ネットで4000円見つけたのでおお、と買ってみてしまった。
よく考えたらそこそこ高い。が英国式茶道具界ではかなり安いほうであった。さすが貴族のあそび。
障子は破れ、畳もかすかすの我が家に来ていただいてしまった。当惑の表情が隠しきれないティースタンドさま
ちなみに買ったのはスタンドだけで丸皿は自前のもの。19cm~24cmの丸皿であれば乗せられる。便利である。いや、便利なのかどうかからして分からない。
まずは本式を学ぶ
冒頭にどかんと写真を載せてしまったので、やらんとしていることがどんなことなのかは薄っすらご了承いただけているかなとは思う。今回は優雅な英国文化であるアフタヌーン・ティーに自由な風を吹かせられないかという試みだ。
その前に、やはりまずは本物の「アフタヌーン・ティー」というものを体験せねばなるまい。
もちろん、オラそんなハイカラなもん食べるのはじめてズラ、である。
これがアフタヌーン・ティーずら!
駆け込んだのは英国式の喫茶室。ホテルなど行かずしてアフタヌーン・ティーが楽しめる。ホテルなど行かずして、と書いたがそれでも1人前で2500円した。

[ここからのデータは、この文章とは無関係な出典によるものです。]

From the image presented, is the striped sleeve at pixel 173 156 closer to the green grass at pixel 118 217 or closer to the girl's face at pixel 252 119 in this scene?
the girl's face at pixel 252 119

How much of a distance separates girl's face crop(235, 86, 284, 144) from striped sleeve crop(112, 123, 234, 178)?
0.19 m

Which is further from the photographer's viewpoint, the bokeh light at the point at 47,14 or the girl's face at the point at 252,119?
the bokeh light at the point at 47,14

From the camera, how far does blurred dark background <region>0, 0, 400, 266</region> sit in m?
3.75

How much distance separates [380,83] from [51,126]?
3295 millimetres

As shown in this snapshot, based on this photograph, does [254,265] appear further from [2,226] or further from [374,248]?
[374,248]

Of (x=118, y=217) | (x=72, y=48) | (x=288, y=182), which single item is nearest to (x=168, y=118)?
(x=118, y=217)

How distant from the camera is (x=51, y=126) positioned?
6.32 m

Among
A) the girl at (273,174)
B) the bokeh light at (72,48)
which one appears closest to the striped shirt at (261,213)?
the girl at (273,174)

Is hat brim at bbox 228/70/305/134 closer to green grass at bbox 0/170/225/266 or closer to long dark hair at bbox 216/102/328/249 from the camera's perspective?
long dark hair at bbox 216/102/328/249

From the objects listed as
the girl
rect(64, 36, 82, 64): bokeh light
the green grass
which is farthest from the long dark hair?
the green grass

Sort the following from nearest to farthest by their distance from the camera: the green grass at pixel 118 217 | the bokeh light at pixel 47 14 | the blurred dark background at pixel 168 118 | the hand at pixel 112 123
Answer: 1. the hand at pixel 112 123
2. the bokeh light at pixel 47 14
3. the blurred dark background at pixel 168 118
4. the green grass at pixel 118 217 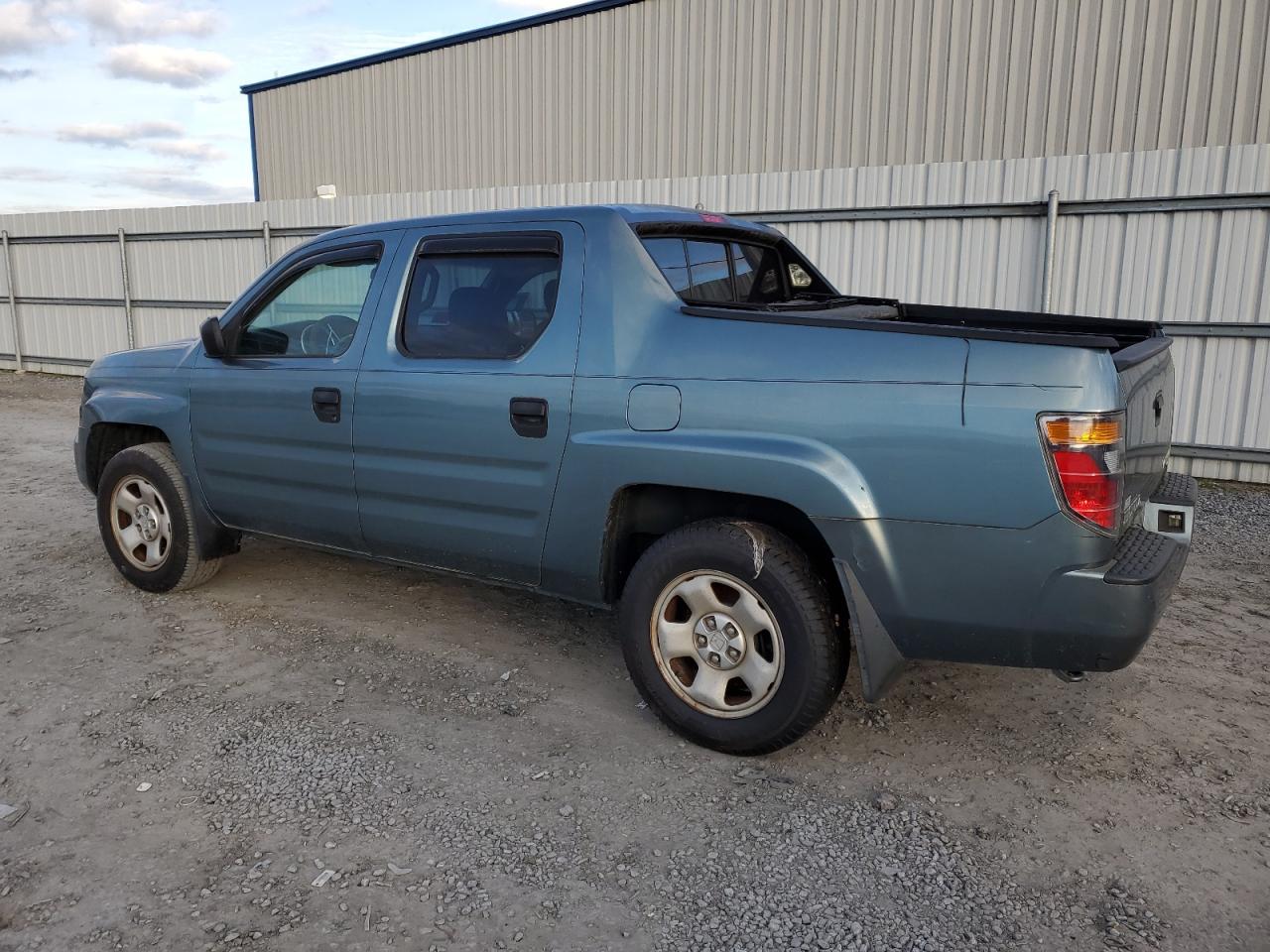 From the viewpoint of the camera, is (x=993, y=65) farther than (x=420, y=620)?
Yes

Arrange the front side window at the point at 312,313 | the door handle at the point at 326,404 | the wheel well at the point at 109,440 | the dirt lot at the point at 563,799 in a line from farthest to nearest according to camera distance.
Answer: the wheel well at the point at 109,440, the front side window at the point at 312,313, the door handle at the point at 326,404, the dirt lot at the point at 563,799

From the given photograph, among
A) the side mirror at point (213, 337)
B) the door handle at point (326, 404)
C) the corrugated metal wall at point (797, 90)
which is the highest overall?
the corrugated metal wall at point (797, 90)

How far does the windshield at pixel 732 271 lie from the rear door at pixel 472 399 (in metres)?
0.36

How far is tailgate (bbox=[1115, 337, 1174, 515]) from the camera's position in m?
2.79

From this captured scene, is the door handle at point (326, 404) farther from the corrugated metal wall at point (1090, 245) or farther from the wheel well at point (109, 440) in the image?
A: the corrugated metal wall at point (1090, 245)

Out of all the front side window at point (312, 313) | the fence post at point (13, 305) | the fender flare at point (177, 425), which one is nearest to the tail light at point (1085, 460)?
the front side window at point (312, 313)

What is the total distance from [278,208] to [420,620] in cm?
1065

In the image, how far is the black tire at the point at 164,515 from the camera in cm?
471

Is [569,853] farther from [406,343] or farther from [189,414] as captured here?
[189,414]

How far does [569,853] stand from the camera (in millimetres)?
2744

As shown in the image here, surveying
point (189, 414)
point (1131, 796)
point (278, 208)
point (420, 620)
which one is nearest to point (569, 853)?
point (1131, 796)

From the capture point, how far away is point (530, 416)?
11.5 feet

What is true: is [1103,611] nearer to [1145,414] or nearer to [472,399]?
[1145,414]

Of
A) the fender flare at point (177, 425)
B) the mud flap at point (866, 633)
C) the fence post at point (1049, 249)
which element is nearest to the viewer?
the mud flap at point (866, 633) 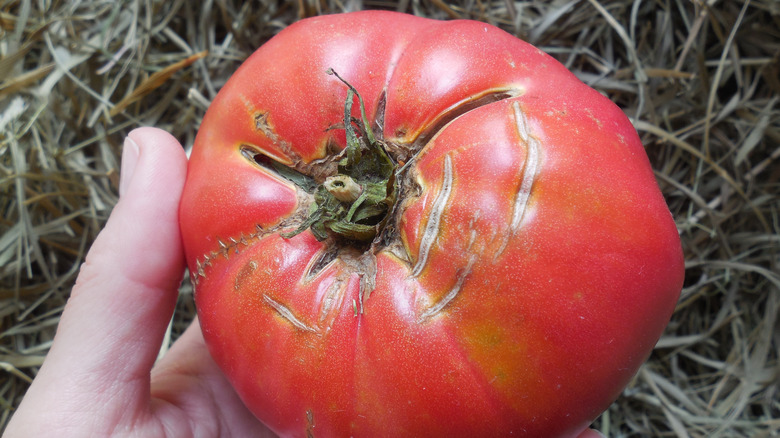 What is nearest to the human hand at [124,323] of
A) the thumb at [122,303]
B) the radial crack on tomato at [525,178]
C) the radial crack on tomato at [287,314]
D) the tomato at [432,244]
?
the thumb at [122,303]

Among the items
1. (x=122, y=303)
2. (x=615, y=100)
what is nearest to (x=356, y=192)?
(x=122, y=303)

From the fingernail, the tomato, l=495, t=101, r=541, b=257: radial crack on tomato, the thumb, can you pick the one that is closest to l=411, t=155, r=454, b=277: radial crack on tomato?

さっきから値段の高さばかりを書き連ねてしまいお恥ずかしいが、しかしやはりなかなかにハードルの高い世界である。
みにあまるクラシカルに恐縮が止まらない。そして「みにあまるクラシカル」って「なんとなくクリスタル」っぽい。
それにしてもこれで1人前だ。量、多くないか。
基本的に1Fがサンドイッチ(6切れ)
2Fがスコーン(2個)
そして3Fがケーキ(2切れ)
そもそもアフタヌーン・ティーとは
そもそもアフタヌーン・ティーというのは、たんなる「ちょっとお茶しよっか」というのとは違う。夜の観劇などの前に行う喫茶習慣なのだそうだ。
オペラとか長いのだ。見終わると夜もふけている。鑑賞中にお腹がなるのも恥ずかしいし、じゃあまあ夕方ぐらいにある程度は食べておこうよねということらしい。

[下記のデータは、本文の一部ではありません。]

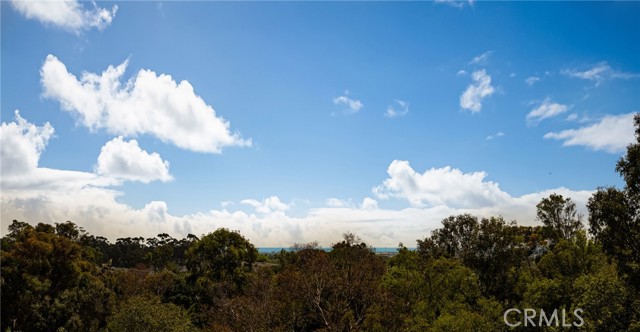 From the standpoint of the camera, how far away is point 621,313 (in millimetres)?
21969

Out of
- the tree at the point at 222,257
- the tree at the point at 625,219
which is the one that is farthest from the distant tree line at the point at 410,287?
the tree at the point at 222,257

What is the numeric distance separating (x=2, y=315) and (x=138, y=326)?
14.6 meters

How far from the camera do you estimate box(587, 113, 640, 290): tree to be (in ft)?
74.7

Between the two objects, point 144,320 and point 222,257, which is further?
point 222,257

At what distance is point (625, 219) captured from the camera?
23.2 m

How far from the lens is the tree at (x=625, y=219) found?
22.8m

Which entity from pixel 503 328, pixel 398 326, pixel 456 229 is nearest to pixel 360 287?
pixel 398 326

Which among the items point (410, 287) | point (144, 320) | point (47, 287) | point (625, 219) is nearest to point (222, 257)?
point (47, 287)

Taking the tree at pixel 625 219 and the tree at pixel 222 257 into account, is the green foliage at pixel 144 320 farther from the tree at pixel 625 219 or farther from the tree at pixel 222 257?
the tree at pixel 625 219

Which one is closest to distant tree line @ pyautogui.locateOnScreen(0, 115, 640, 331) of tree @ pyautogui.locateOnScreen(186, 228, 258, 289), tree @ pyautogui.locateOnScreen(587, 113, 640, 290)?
tree @ pyautogui.locateOnScreen(587, 113, 640, 290)

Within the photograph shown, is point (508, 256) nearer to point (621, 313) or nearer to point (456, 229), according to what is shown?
point (456, 229)

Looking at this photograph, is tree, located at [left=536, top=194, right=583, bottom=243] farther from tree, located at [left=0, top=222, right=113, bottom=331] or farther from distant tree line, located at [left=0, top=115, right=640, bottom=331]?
tree, located at [left=0, top=222, right=113, bottom=331]

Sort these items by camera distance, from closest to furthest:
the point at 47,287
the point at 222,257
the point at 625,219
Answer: the point at 625,219
the point at 47,287
the point at 222,257

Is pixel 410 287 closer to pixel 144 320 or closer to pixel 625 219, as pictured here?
pixel 625 219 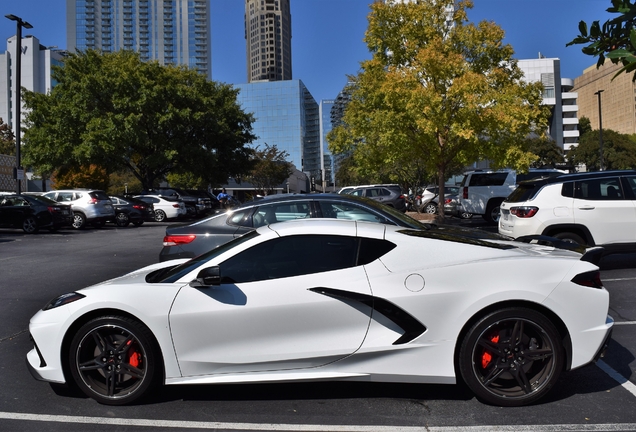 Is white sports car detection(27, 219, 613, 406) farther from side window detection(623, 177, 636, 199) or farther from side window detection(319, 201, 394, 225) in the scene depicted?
side window detection(623, 177, 636, 199)

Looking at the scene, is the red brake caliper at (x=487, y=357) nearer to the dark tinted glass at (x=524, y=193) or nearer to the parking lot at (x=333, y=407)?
the parking lot at (x=333, y=407)

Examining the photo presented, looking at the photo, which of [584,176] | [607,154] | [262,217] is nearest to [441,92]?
[584,176]

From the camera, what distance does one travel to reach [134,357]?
404 centimetres

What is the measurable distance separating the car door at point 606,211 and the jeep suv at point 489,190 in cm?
1068

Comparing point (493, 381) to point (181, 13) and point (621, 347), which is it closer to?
point (621, 347)

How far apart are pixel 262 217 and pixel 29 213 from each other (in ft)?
50.4

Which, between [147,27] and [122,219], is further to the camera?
[147,27]

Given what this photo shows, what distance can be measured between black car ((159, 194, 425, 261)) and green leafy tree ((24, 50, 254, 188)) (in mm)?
23803

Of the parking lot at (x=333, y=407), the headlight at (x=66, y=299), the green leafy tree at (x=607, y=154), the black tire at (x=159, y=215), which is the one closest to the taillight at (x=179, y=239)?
the parking lot at (x=333, y=407)

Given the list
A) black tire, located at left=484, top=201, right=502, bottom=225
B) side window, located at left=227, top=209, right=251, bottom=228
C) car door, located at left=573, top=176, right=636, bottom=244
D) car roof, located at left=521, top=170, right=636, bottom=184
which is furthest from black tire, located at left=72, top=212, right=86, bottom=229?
car door, located at left=573, top=176, right=636, bottom=244

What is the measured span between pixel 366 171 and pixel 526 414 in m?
20.4

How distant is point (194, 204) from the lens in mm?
29938

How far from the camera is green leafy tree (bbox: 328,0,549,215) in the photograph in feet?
58.9

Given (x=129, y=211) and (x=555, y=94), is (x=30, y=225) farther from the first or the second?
(x=555, y=94)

お茶にしちゃずいぶん量食べんのな、とは常々思っていたがそういうことだったのか。とはいえ観劇のあとには夕食もちゃんと食べるようでもあり、優雅と平行するガツンとした食欲旺盛さがたくましい。
お紅茶が輝く
観劇の予定はないのでこの日は昼ごはん代わりにいただいた。混む前にと11:30には入店したので、「アフタヌーン」じゃなさ100%である。
ああこれ「お昼に祗園を歩いている舞妓さんはほとんど観光客の体験舞妓さんなんですよ、だって本物の舞妓さんがお座敷に上がるのは夜でしょう」的なのと一緒だと思いながら紅茶をすすった。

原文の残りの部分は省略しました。